- [Your assignment]
Starting at the line that contains "So why is it" and stopping at the line that contains "In this video", restate each line of the records below exactly. Omit the pictures.

- [Records for processing]
=-=-=-=-=

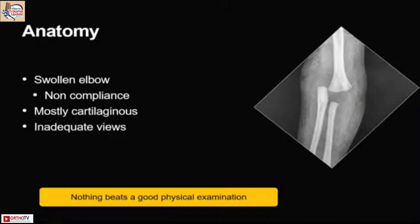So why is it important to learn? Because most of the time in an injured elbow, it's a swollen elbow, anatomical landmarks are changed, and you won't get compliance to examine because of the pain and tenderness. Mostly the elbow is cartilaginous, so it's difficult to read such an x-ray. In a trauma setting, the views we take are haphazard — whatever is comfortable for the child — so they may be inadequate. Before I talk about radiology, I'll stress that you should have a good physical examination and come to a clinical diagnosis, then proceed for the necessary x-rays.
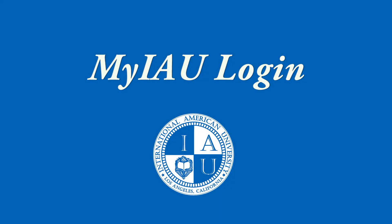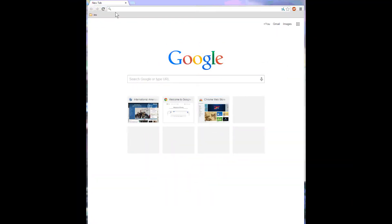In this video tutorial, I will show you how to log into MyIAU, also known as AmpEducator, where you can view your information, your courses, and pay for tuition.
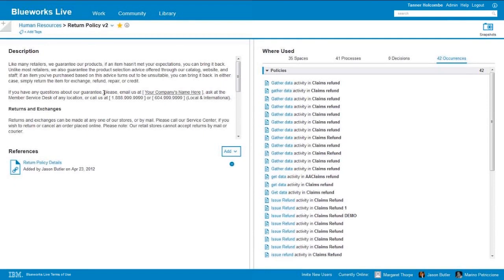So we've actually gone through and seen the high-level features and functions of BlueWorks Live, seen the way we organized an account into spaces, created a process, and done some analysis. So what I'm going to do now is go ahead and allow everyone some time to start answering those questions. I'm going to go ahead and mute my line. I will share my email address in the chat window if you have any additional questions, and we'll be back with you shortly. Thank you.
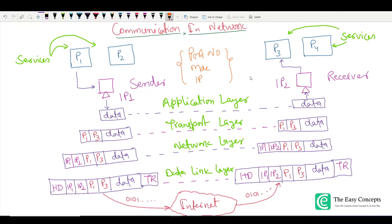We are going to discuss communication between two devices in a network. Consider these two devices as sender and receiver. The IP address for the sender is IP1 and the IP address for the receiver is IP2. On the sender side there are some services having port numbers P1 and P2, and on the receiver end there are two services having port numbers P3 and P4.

=-=-=-=-=

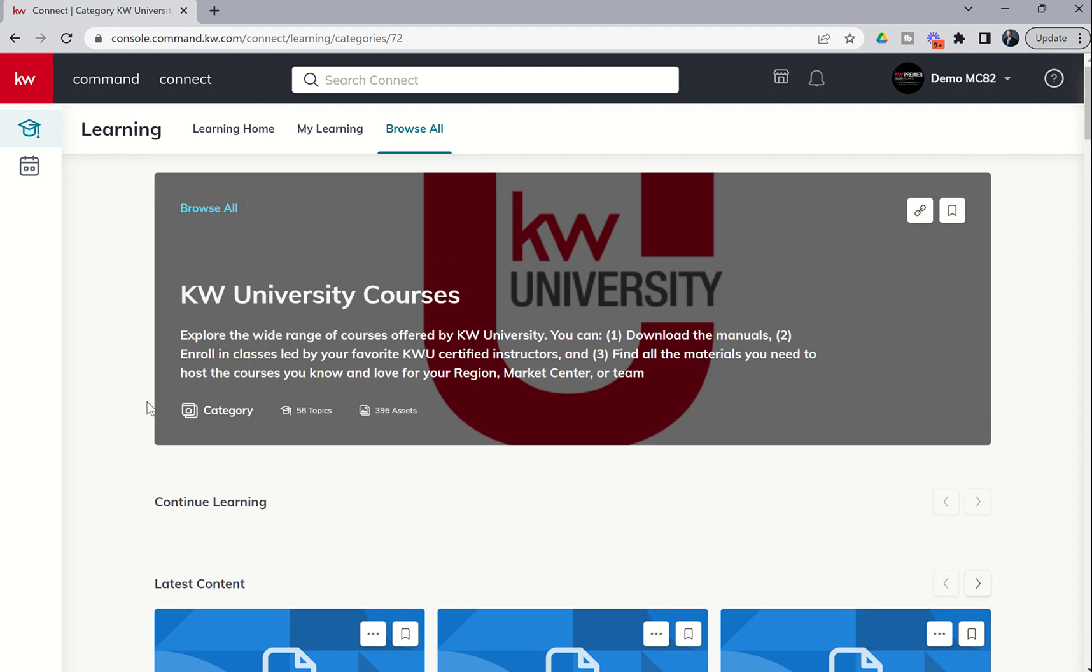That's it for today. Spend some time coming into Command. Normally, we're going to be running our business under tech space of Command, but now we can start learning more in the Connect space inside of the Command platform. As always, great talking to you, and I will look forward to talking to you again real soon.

=-=-=-=-=

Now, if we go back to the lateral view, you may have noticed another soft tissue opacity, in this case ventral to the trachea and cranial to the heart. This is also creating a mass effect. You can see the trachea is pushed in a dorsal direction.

=-=-=-=-=

- [Task output]
So why is it important to learn? Because most of the time in an injured elbow, it's a swollen elbow, anatomical landmarks are changed, and you won't get compliance to examine because of the pain and tenderness. Mostly the elbow is cartilaginous, so it's difficult to read such an x-ray. In a trauma setting, the views we take are haphazard — whatever is comfortable for the child — so they may be inadequate. Before I talk about radiology, I'll stress that you should have a good physical examination and come to a clinical diagnosis, then proceed for the necessary x-rays.
In this video tutorial, I will show you how to log into MyIAU, also known as AmpEducator, where you can view your information, your courses, and pay for tuition.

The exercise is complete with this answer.